Just another bump on this one. You'd think the owners would be after whatever traffic they could get and to facilitate the experience. The forum is clearly there because I had it on Tuesday (before my phone wiped itself) and I still have it on my tablet. I can see all the Renovate Forum articles on the 'trending' page but it says I don't have permission to access them. Trying to add Renovate Forum (or search a whole lot of other possible names) doesn't show anything. Woodwork Forums was easily searched for and added again and other forums I watch were automatically relisted.  
Have they made it 'private' and you need a special term or name to access it?

----------


## Uncle Bob

The problem is between the old forum owners and the new ones not being handed over all the keys (or something along those lines).

----------


## OBBob

Shame ...

----------


## PlatypusGardens

> The problem is between the old forum owners and the new ones not being handed over all the keys (or something along those lines).

  
It's in here somewhere...        
Well you're not coming out until you find it!        
Sigh                  
.

----------


## OBBob

Hmm ... well Tapatalk didn't come back this time, so I certainly won't be on here as much. It's frustrating because I get e-mails (from Tapatalk) saying 'someone quoted you', I click the link in the e-mail and it says 'would you like to use the Tapatalk app', click 'yes' ... 'sorry, this forum doesn't exist on Tapatalk'.  :Doh:

----------


## PlatypusGardens

> 'someone quoted you'

   :Unsure:

----------


## OBBob

> 

   :Annoyed:

----------


## PlatypusGardens

:Sorry:

----------


## OBBob

Thanks ... I'll be ok.

----------


## PlatypusGardens

Aren't you mostly posting from your office computer anyway?

----------


## OBBob

> Aren't you mostly posting from your office computer anyway?

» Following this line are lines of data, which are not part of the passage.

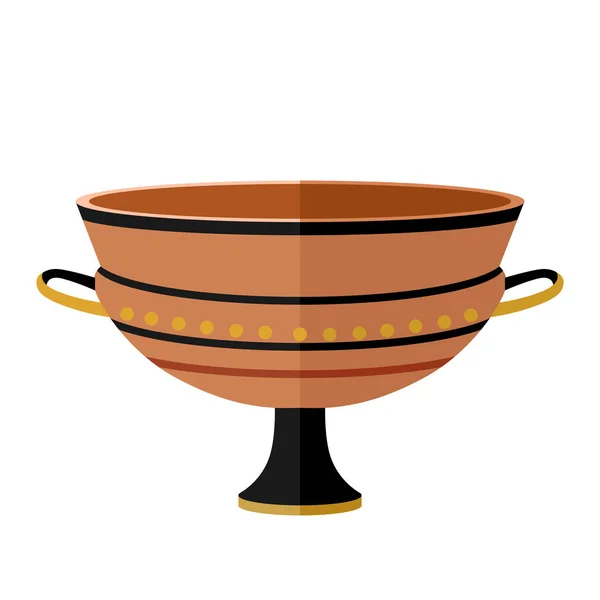 Coupe Vin Cylix Argile Grèce Antique Antiquité Boire Kylix Tasse — Image vectorielle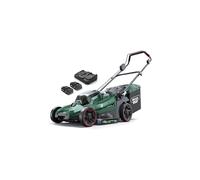 Webb Eco 40V (2 x 20V) Cordless Rotary Lawnmower, 43cm 17inch Cutting Width, 6 Cutting Heights, 50L Collection Bag and Easy Storage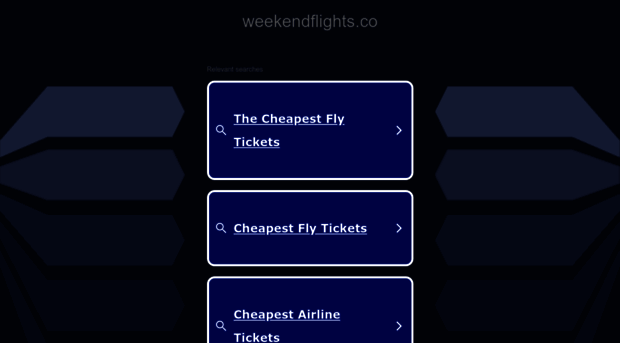 weekendflights.co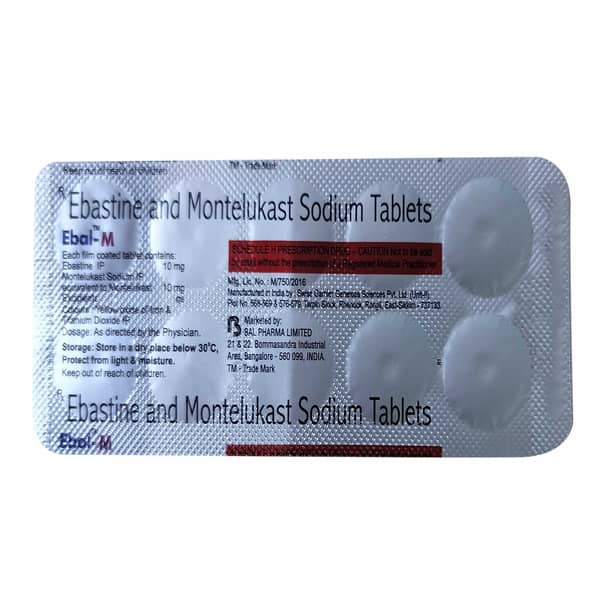 Ebal M Strip Of 10 Tablets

  The mobile part is big for me ... waiting for meetings to start (or end ... sigh), or commuting, or at home, etc. ... I carry my laptop less and less, I can do most stuff on a phone or tablet.

----------


## PlatypusGardens

I've never used Tapatalk...
On the iPad I just view forums in browser as per usual. 
Rarely do any internetting on the phone...

----------


## Jonesy_SA

How about now, any news?
Sorry to be a pain but its pretty important for me. As an example, there is two Nissan Patrol forums. Both had mobile apps but as one dropped support quite a few people started using the other including myself and a wealth of knowledge left. I'm only half way through buidling my girlfriends study - you cant abandon me now!!!!

----------


## OBBob

I hear you Jonesy! This mobile skin drives me nuts.

----------


## Marc

Tapatalk stinks. The occasional time I use the phone I get the message that the forum is available on tapasomething. To me that sounds like mexican food. I can see and use the full version on the phone no problems.

----------


## OBBob

That's the forum's fault not Tapatalk. For those accustomed to TT it's an annoying loss.

----------


## r3nov8or

I thought tapas was Spanish?

----------


## Jonesy_SA

Everyone likes Mexican!!!

----------


## Marc

Mexican food is all the same filling with different wrapping ...  :Rofl5:

----------


## OBBob

I went hunting (briefly) for a Tapatalk alternative the other day. I'm amazed that there doesn't seem to be one. For such a common app ... and one that has a few upsets about the way it has developed, I'm surprised there isn't a competitive product.

----------


## PlatypusGardens

> the same filling with different wrapping

  Sounds like most threads on this forum

----------


## OBBob

I'm back baby!  
Sent from my Nexus 5X using Tapatalk

----------


## Uncle Bob

I take that the admins have now got it working?

----------


## OBBob

> I take that the admins have now got it working?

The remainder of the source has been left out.